Angela Rosemarie Brown-Burke is a Jamaican politician with the People's National Party.

== Early life and education ==
Brown-Burke earned a Doctorate of Education from the National-Louis University in Chicago in 2015.

== Career ==
Brown-Burke started her political career as a Corporate Area Councillor of the Kingston and Saint Andrew Corporation. She was elected a vice-president of the People's National Party in 2006 along with Fenton Ferguson, Derrick Kellier, and Peter Phillips, beating out Sharon Hay-Webster, Louis Moyston, and Kern Spencer.

She moved from local to national politics in January 2012 with her appointment as Deputy President of the Senate of Jamaica after Portia Simpson Miller came to power in the December 2011 general election.

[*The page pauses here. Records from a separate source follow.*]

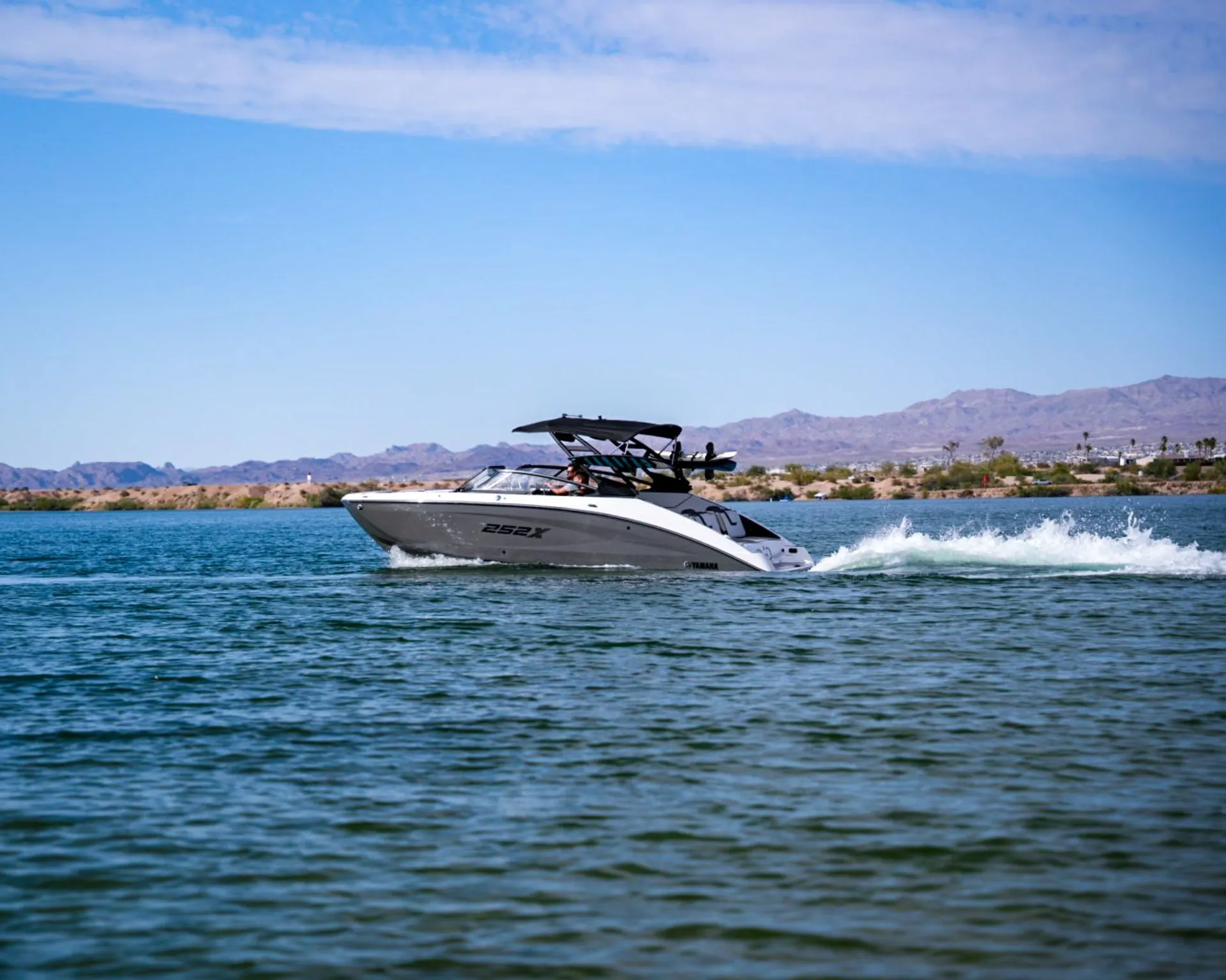 High Performance Spacious 25 ft Jet Boat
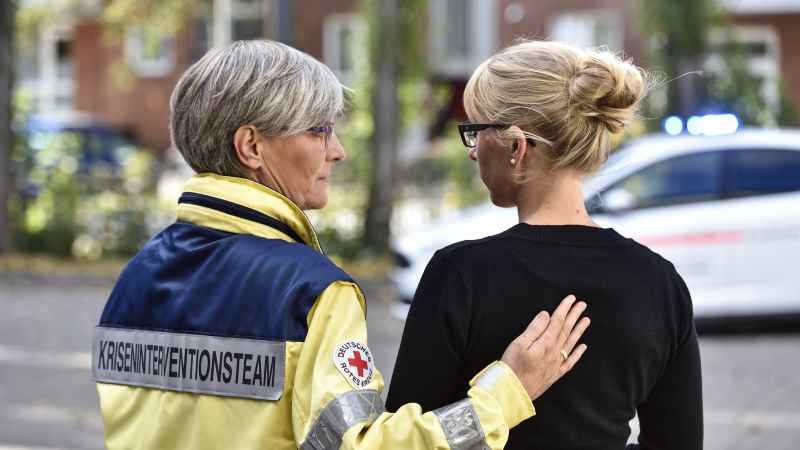 Ehrenamtliche des Kriseninterventionsteams werden alarmiert, wenn Menschen Opfer oder Augenzeugen stark schockierender Ereignisse wurden. | Foto: ein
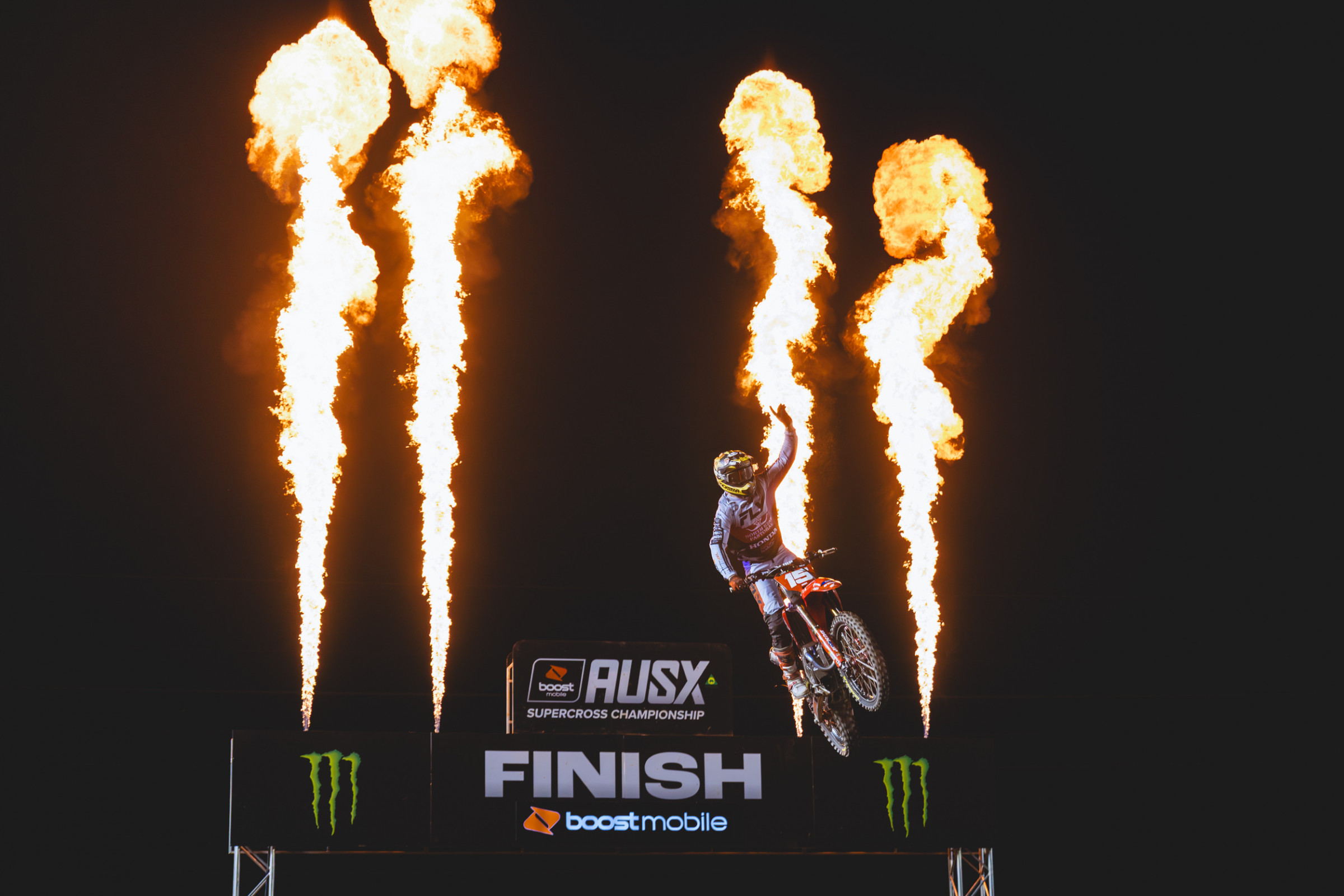 Dean Wilson (450) and Lux Turner (250) Continue AUSX Dominance in Sydney 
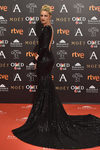 Amaia Salamanca con un vestido brilly en los Premios Goya 2017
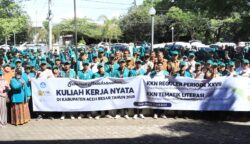 Mahasiswa KKN Reguler XXVII dan KKN Tematik Literasi USK mengikuti acara serah terima di pelataran Kantor Dekranasda Aceh Besar, (1/7). (Foto: Ist)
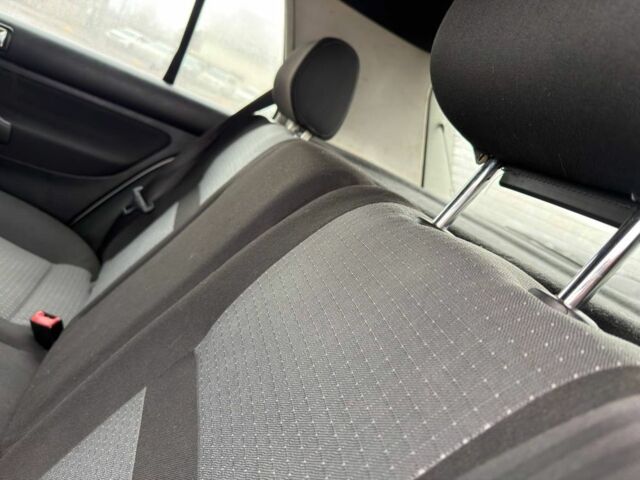 Сірий Фольксваген Гольф, об'ємом двигуна 1.4 л та пробігом 197 тис. км за 4350 $, фото 7 на Automoto.ua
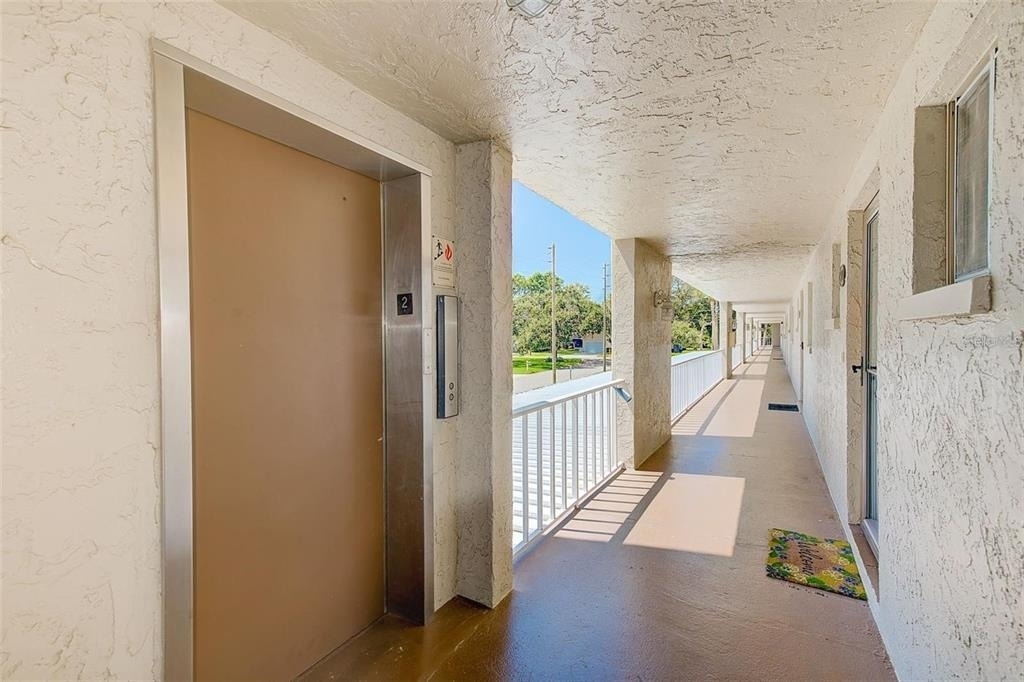 215 Valencia Boulevard - Photo 7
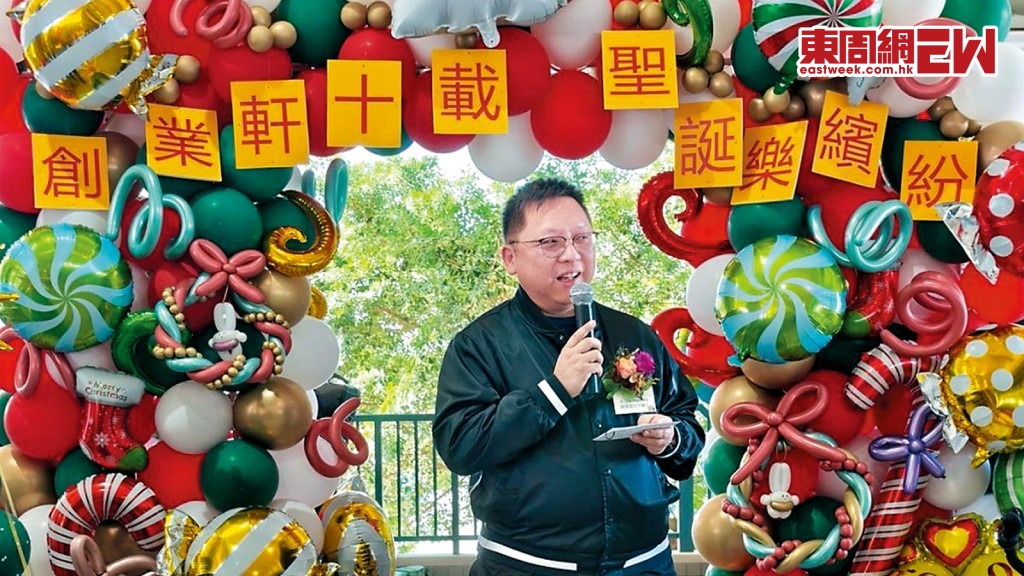 陳偉偉去年十二月出席社署旗下機構創業軒的「創業軒十載聖誕樂繽紛」活動，並在活動中致辭。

After the PNP's victory over the Jamaica Labour Party (JLP) in the March 2012 election, she became mayor of Kingston.

In May 2013, Brown-Burke tweeted denunciations of Television Jamaica's All Angles and CVM TV's Direct for respectively inviting JLP leader Andrew Holness and opposition spokesman on finance and planning Audley Shaw as guests, without including PNP members for balance. She was criticised for her use of the minced oath "What the F", and apologised for her language and deleted the tweet while defending the views she had expressed.

Brown-Burke co-founded Angela's Care Kitchen, which organizes meals for senior citizens.

== Personal life ==
Brown-Burke is married to Paul Burke, a former Region Three Chairman of the PNP who also ran for PNP vice-president in 2004. Brown-Burke moved to the United States in 1986. She naturalised as a United States citizen in 1995, but decided to move back to Jamaica two years later. She renounced U.S. citizenship in January 2012 after she was appointed to the Senate, and received her Certificate of Loss of Nationality one month later.